Task statement ▸ Please repeat every entry exactly as written, but skip the pictures.

───── Records to use

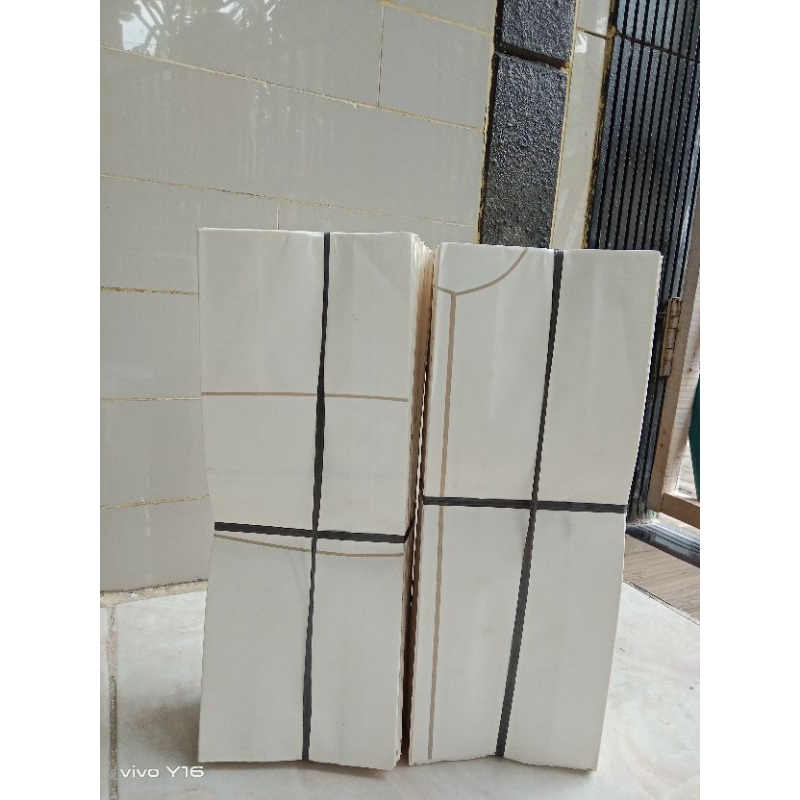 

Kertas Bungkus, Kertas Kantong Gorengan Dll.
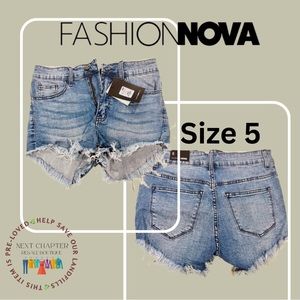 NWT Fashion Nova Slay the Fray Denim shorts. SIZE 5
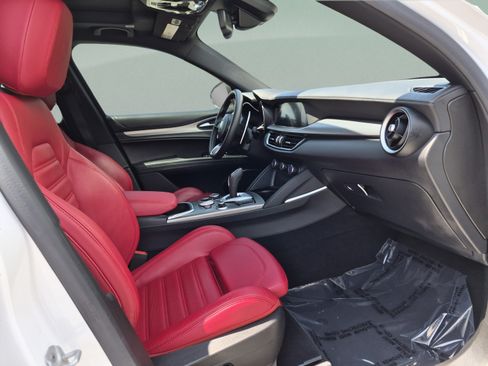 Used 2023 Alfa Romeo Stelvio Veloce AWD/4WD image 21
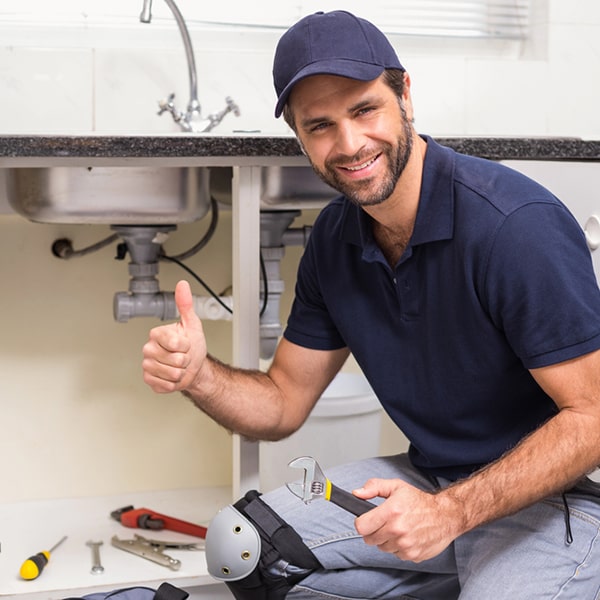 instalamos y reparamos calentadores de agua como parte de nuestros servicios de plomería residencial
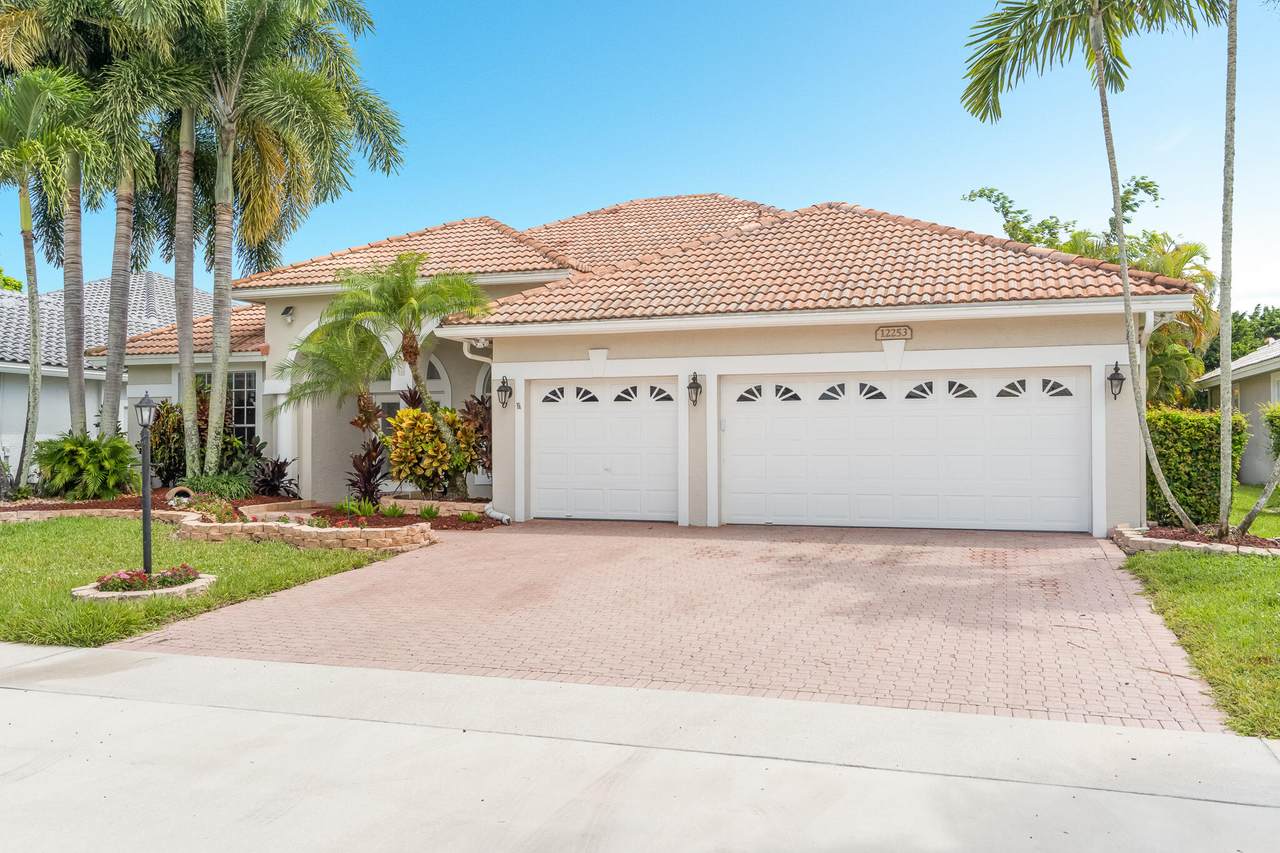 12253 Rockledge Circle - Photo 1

──────────

Solution to the exercise ▸
Kertas Bungkus, Kertas Kantong Gorengan Dll.
 NWT Fashion Nova Slay the Fray Denim shorts. SIZE 5
 Used 2023 Alfa Romeo Stelvio Veloce AWD/4WD image 21
 instalamos y reparamos calentadores de agua como parte de nuestros servicios de plomería residencial
 12253 Rockledge Circle - Photo 1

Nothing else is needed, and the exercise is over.